Ou peut-être hier, on ne sait plus. Deux ans après l’élection de François Hollande, l’addition est salée du point de vue des militants socialistes de gauche. Oui car grâce à François Hollande, et maintenant grâce à son premier ministre Manuel Valls, on se sent obliger de préciser socialiste “de gauche”, pour distinguer la majorité des cadres du parti – sociaux-démocrates – qui suivent la ligne du président de la République, de la minorité de moins en moins silencieuse de la gauche du Parti Socialiste, qui donne de la voix contre les mesures jugées trop rigoristes, trop favorables aux entreprises. Si le président de la République n’a pas réussi grand chose aux yeux de ceux qui l’ont élu en deux ans, il a réussi ce que beaucoup espéraient, et Valls le premier : il a tué la gauche française.
On parle toujours de la droitisation de l’UMP qui court après les voix du Front National, mais on ne mesure pas assez la transformation de la gauche française. François Hollande a gagné la présidentielle en deux temps : en déclarant que la finance était son ennemi lors du fameux discours du Bourget, et en se posant comme le président exemplaire, celui des valeurs de la République et de la gauche, face à celui qu’il accusait d’avoir diviser les Français, Nicolas Sarkozy. Seulement il a perdu sur les deux plans. Sur le plan des valeurs, le président a perdu en crédibilité au moment de l’affaire Gayet. Mais cela reste anecdotique. François Hollande, c’est celui qui voulait renégocier le traité européen, combattre la fraude et les paradis fiscaux, celui qui mettait en exergue l’égalité. Résultat, le pacte “Merkozy” a été signé, la fraude fiscale représente toujours 1.000 milliards d’euros par an, et les inégalités sociales n’ont jamais été aussi fortes. La sociale-démocratie tue la gauche de gouvernement traditionnelle : une majorité de députés élue pour soutenir la politique du président de la République sous l’étiquette socialiste d’un parti qui n’en a plus que le nom. Attention, en disant cela, je parle d’abord des cadres, et non des militants, et encore, ils ne sont pas tous devenus sociaux-démocrates. Une poignée d’irréductibles “gauchistes” veut résister encore et toujours aux envahisseurs libéraux, Sapin, Moscovici et autres Cambadélis.

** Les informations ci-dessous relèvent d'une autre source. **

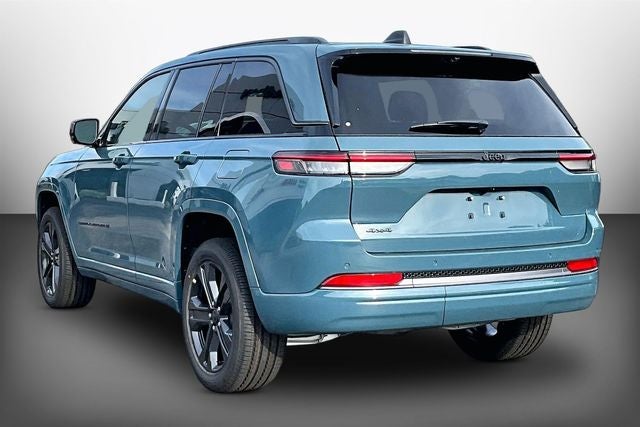 2027 Jeep Grand Cherokee Limited Reserve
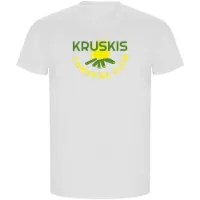 Kruskis Campfire Club Eco T-shirt Med Korta ärmar Kruskis Campfire Club Eco T-shirt Med Korta ärmar
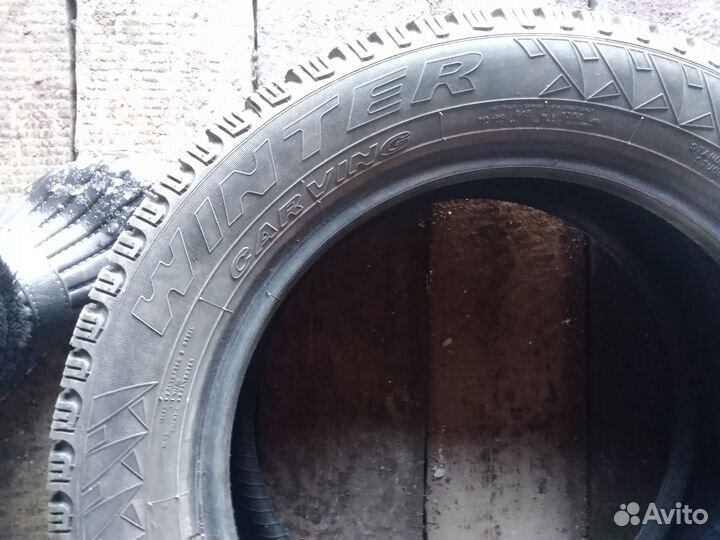 Pirelli Winter Carving 205/55 R16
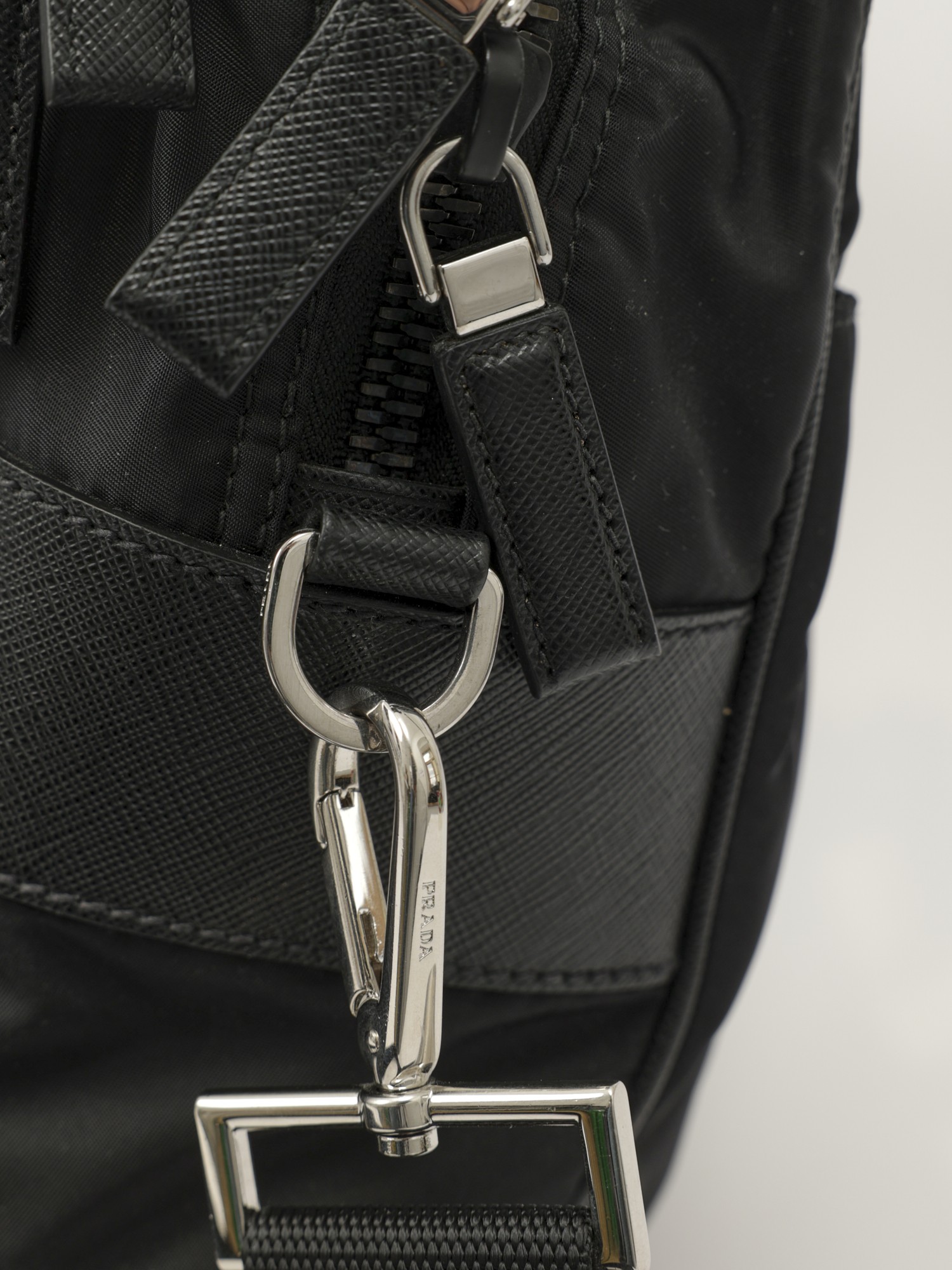 Prada Textile Bag 6
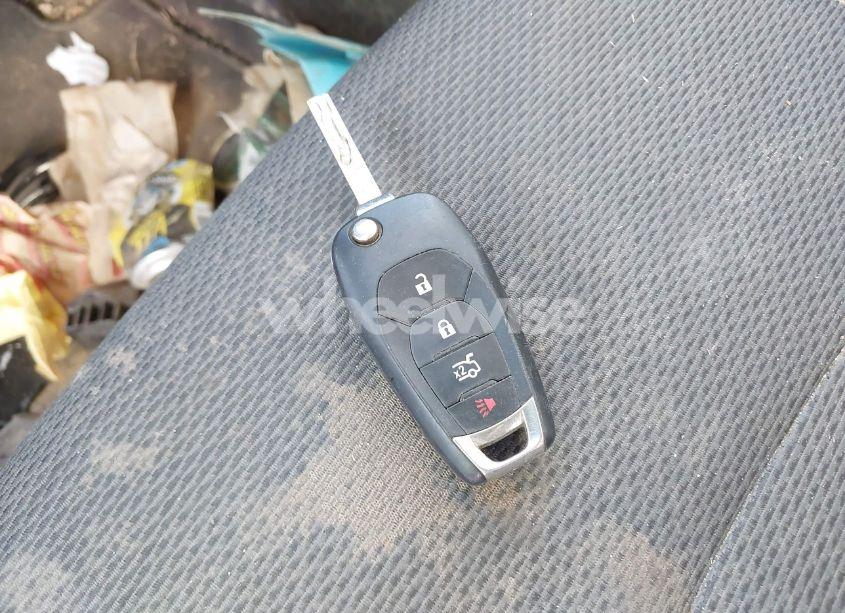 Photo 11 of 2018 Chevrolet Cruze LT AUTO (VIN 1G1BE5SM6J7170078)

Si je provoque un peu en disant que la gauche est morte, c’est parce que de la même manière que François Hollande s’est coupé des Français, le Parti Socialiste de Solférino a perdu sa base militante. Des dizaines de militants qui étaient là depuis vingt ou trente ans rendent leurs cartes, dégoûtés par tant de mensonges. Les députés se font malmener lorsqu’ils reviennent dans leurs circonscriptions, par des gens qui leur dise qu’ils n’ont pas voté pour ça, tout simplement. Tout le monde se sent trompé, abusé. Ils ont cru mettre Sarkozy dehors, ils prennent la même politique économique inégalitaire en pleine face. Le président de la République est pourtant sûr de son fait, avec une côte de popularité au plus bas (18 % d’opinion favorable), des députés frondeurs dans son propre camp, une défaite sévère lors des municipales. Il ne dévie pas d’un pouce de la ligne qu’il s’est fixé. Il va droit dans le mur, et la gauche avec lui.